Alternatively, a large number of the reporting companies have stated that they do not know where 3TG (Tin, Tungsten, Tantalum and Gold) originated, taking advantage of a two year moratorium on conflict mineral determination in disclosures to the SEC.
Understanding the supply chain
What has been made apparent through this attempted compliance with Section 1502 of the Dodd Frank Act is that companies are struggling to understand their supply chains. Despite the complexities of the supply chains associated with 3TG, the central issue for companies is not actually the SEC ruling itself, but a wider lack of third party transparency. Although the U.S requires reporting of this information, being outside the U.S is not a reason to ignore conflict minerals. The UK Government strongly encourages companies with supply chains involving any conflict minerals to implement the OECD Due Diligence Guidance. 
The introduction of the SEC ruling is actually part of a broader global push for companies to understand their supply chains and should therefore be approached in the same way.
Increasingly a combination of EU Directives, national legislation and CSR reporting frameworks all include requirements for organisations to understand a lot more about their suppliers’ business practices and policies. Topics growing in importance include a supplier’s approach to working conditions, human rights, health and safety, environmental performance and anti-bribery measures – conflict minerals can be added to this list, although actually at its core it is a working conditions, human rights, and anti-bribery issue.

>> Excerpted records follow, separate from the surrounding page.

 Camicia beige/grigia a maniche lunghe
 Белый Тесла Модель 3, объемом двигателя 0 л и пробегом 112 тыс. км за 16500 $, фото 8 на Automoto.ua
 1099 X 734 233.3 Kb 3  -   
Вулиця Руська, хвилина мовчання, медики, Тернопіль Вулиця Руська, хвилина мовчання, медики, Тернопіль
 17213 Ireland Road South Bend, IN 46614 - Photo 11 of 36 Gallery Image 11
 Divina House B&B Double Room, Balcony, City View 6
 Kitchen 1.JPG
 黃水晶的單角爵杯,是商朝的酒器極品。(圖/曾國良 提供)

5 steps to addressing conflict minerals in your supply chain
In order to achieve supplier compliance across any of these topics, as well as ensuring that your own organisation is compliant with Section 1502 of the Dodd Frank Act, you need to take a holistic approach. The following steps will help any organisation begin to understand their conflict mineral status and ensure the difficulties with this year’s SEC filing become a starting point for significant improvements in the years to come.
1. Review information collected from your suppliers
In addition to the information that you need to collect for conflict minerals reporting, your organisation may already be gathering additional due diligence information from its suppliers. This could be insurances, bribery and corruption information or even environmental policies. It is important that you understand any current processes that are in place and if possible ensure consistency across the data gathering process. The response rate and quality of information from your suppliers will be improved by reducing the number of separate and disjointed information requests you send them.

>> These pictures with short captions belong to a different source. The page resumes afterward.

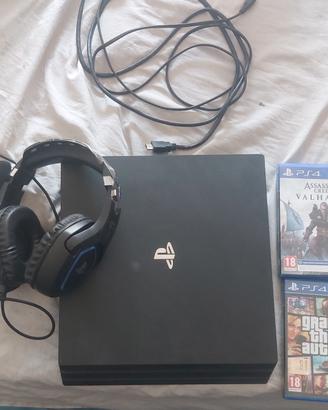 Ps 4 Pro 2T + cavo HDMI + Cuffie + 2 giochi 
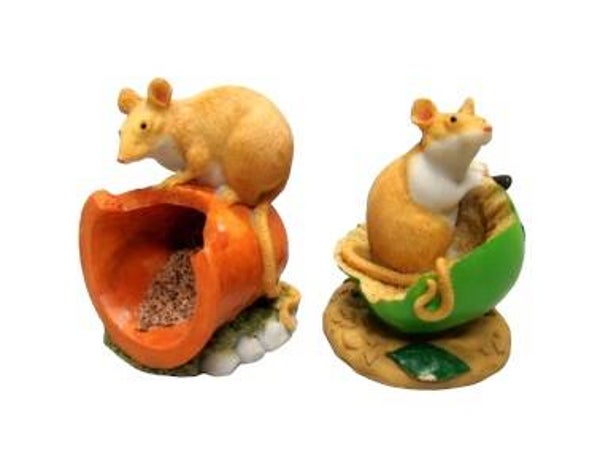 Beeldje muis (oranje emmer of groene appel of beide)
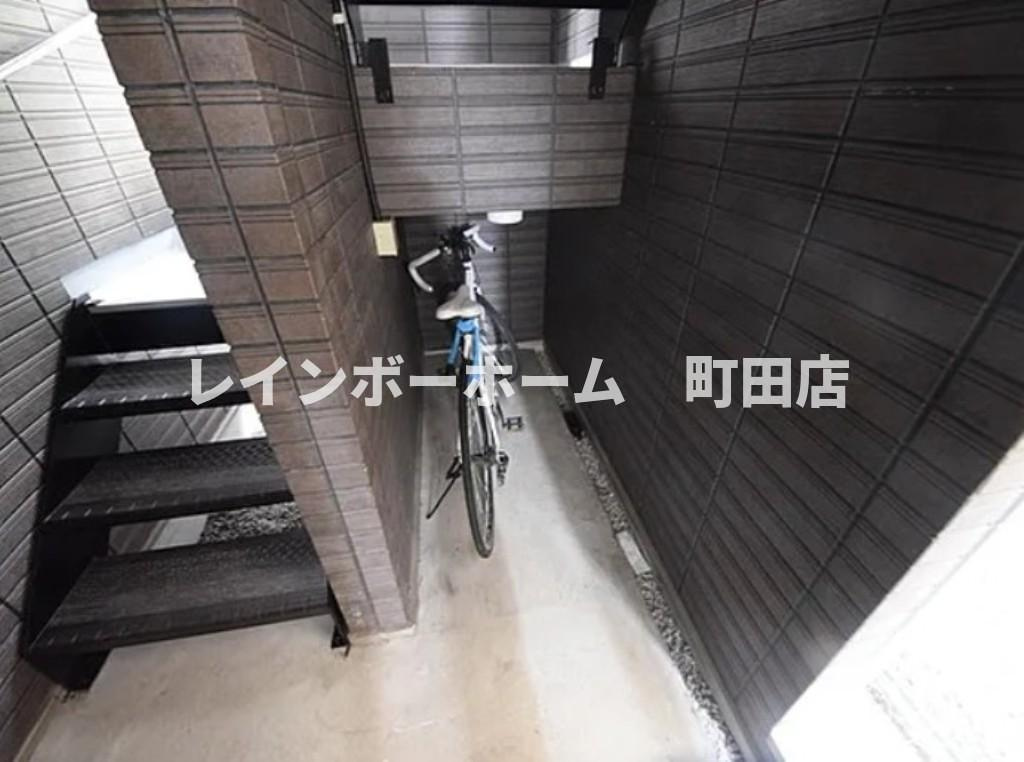 ニューゲート橋本※初期費用分割後払いサービス利用可能物件のロビー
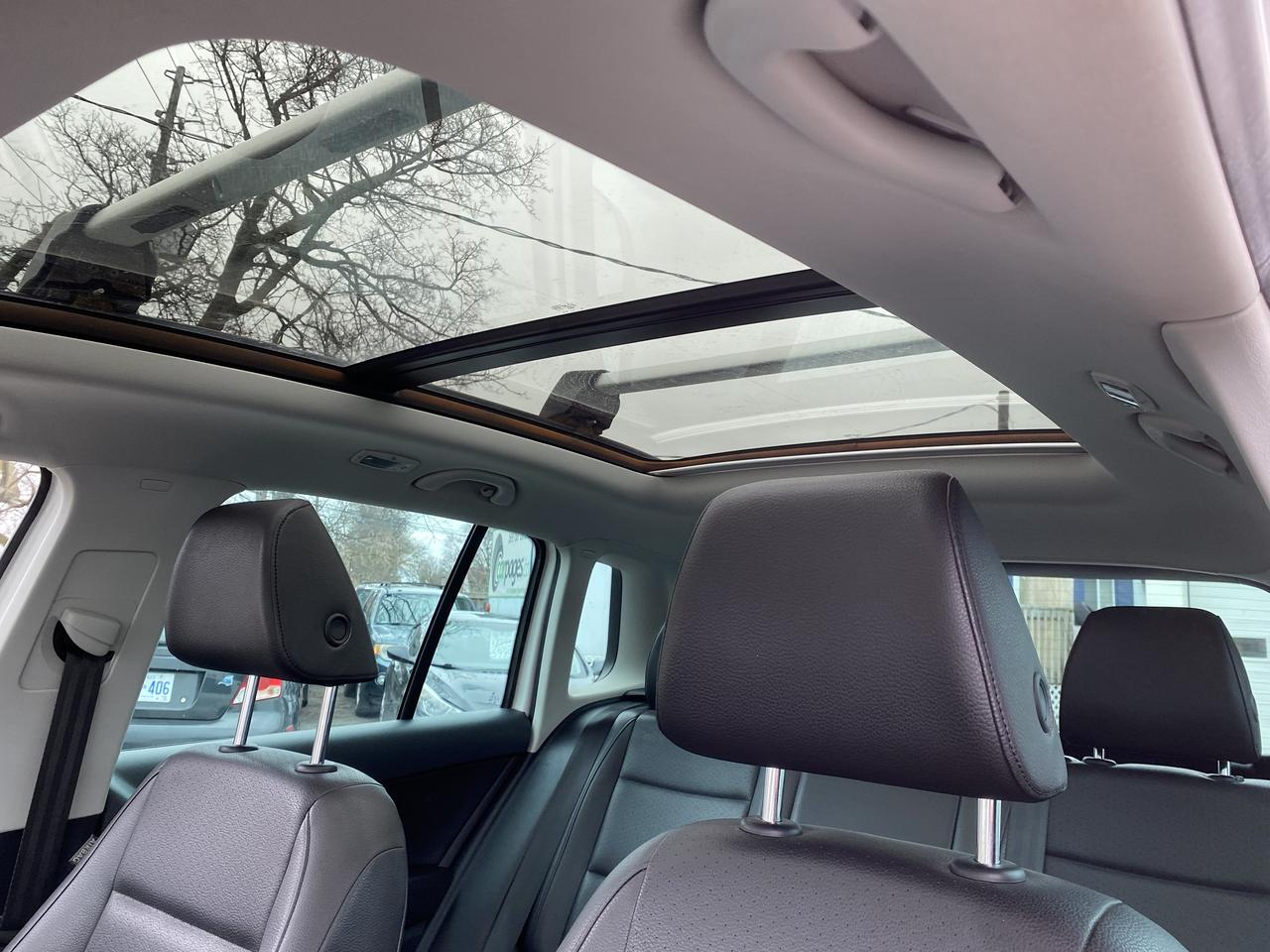 2013 Volkswagen Tiguan Automatic/AWD/4 Cylinder/Leather/Panoroof Photo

2. Consider limitations of current processes
Suppliers are often asked for similar information from multiple buyers and this is certainly true when gathering conflict minerals information. This means a lot of repetitive offline form filling and an unnecessary drain on resources. At the same time, the quantity of data you hold on your suppliers will become increasingly challenging to manage. A solution that is simple for the supplier is a must but, more importantly, you will need to be able to use the data for your own compliance purposes.
3. Dedicate resource to the issue
When an organisation first starts to analyse their supply chain there are a number of unknowns, from up to date contact details for the supplier to the information you need to request from them. By dedicating time to manage the process properly you are not only working towards understanding your organisation’s conflict mineral status but also driving the potential rationalisation and effective management of your suppliers.

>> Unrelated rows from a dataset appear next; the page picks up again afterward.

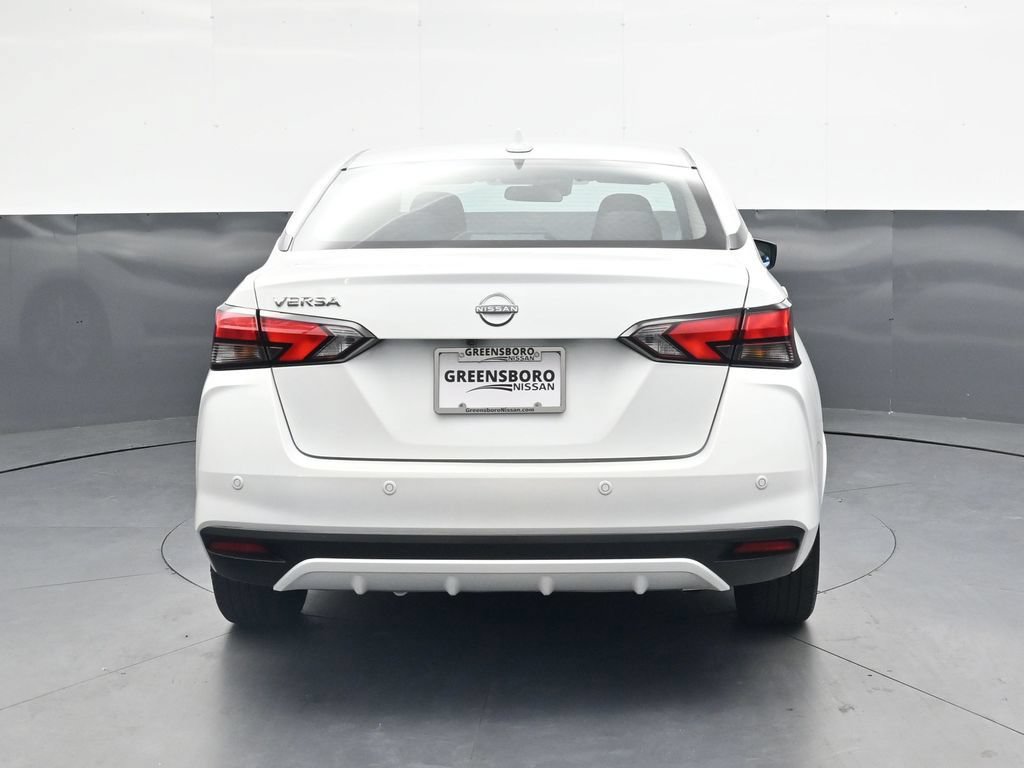 Used 2025 Nissan Versa SV FWD image 7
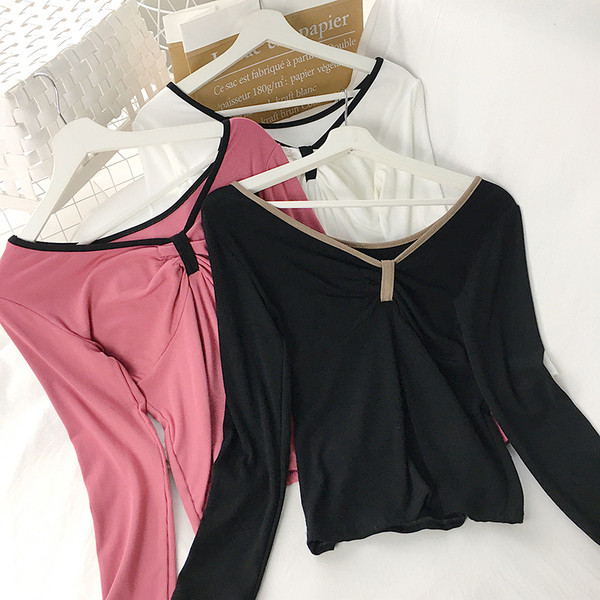 Alkalmi női blúz V-nyakú és hosszú ujjú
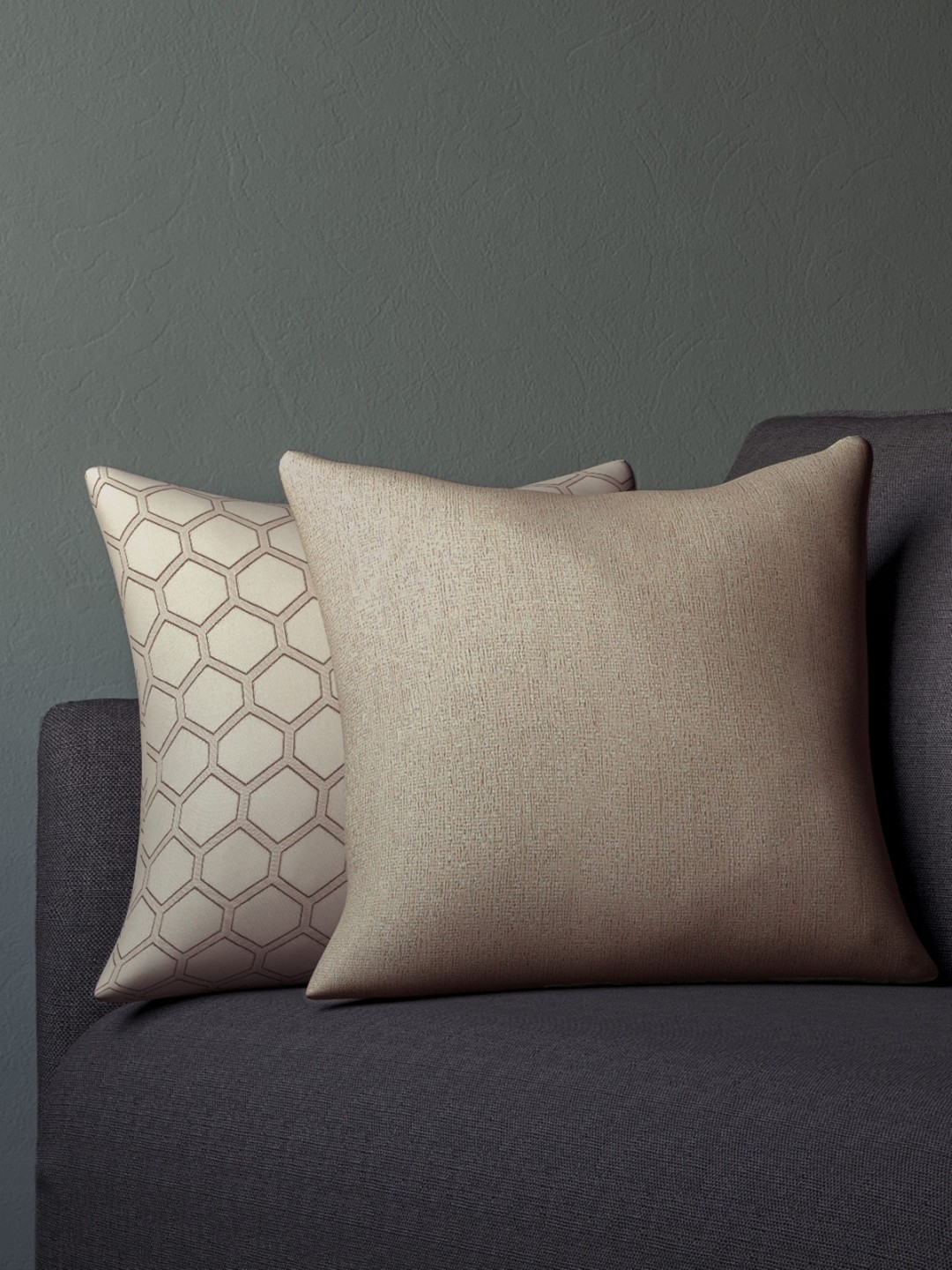 

DDecor Beige & Brown Set of 2 Geometric Square Cushion Covers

4. Move the process online
Using spreadsheets is a costly, time consuming and potentially inaccurate method of gathering data. Moving the process online can save a huge amount of time for suppliers and enable you to analyse and manage their information more easily. Having the data in a consistent format and a set of analytical tools means you can make use of the data, easily identify gaps or risks and compare supplier performance. For more reasons to move online, see our recent blog.
5. Communication with stakeholders
Regardless of how streamlined and automated the due diligence process, it is vital that you communicate effectively to relevant stakeholders; both internal and external. Your suppliers should be aware of why they are being asked for this information and clear on how they should meet the requirements. The more support you can provide them, the better the response rates will be and the smoother the process will become over time. Internal communication is also key as it ensures that there is a common message across the organisation. This is particularly relevant where there are multiple points of contact for suppliers.